The impact was dramatic:

  • Stronger team collaboration: People trusted each other and pulled in the same direction.
  • Low turnover: Our team stayed engaged because they felt seen, supported, and aligned.
  • Attractive culture: We were able to recruit top talent in a competitive market.
  • Customer loyalty: Families didn’t just love the bikes—they loved the company behind them.
  • Business growth: woom USA made the Inc. 5000 list three years in a row, with a staggering 1,666% growth rate.

We built more than a bike company. We built a culture of excellence and heart.

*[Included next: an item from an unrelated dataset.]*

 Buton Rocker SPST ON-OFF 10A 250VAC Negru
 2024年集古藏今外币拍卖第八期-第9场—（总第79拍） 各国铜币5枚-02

5 Lessons for Founders Scaling Teams

Looking back, here are the lessons I’d share with any founder or leader:

  • Assume nothing. Culture isn’t real until it’s written down and reinforced.
  • Make values actionable. If they don’t help people make better decisions in the moment, they’re just posters on a wall.
  • Build rituals. Reinforce values daily—through shoutouts, onboarding, huddles, and stories.
  • Create feedback loops. Culture should evolve as your business and team evolve.
  • Tie values to performance. Recognize and promote people based on how they live the values.

Final Thought

If you’re growing a business, don’t let culture “just happen.” That’s how silos, politics, and misalignment creep in.

Define it. Activate it. Live it.

Your people—and your performance—depend on it.

Mathias Ihlenfeld

My Mission: To inspire others to become the best version of themselves—through business and personal reflections, tools, and practices I actually use. This is for founders, leaders, and anyone creating a life with clarity, balance, and meaning.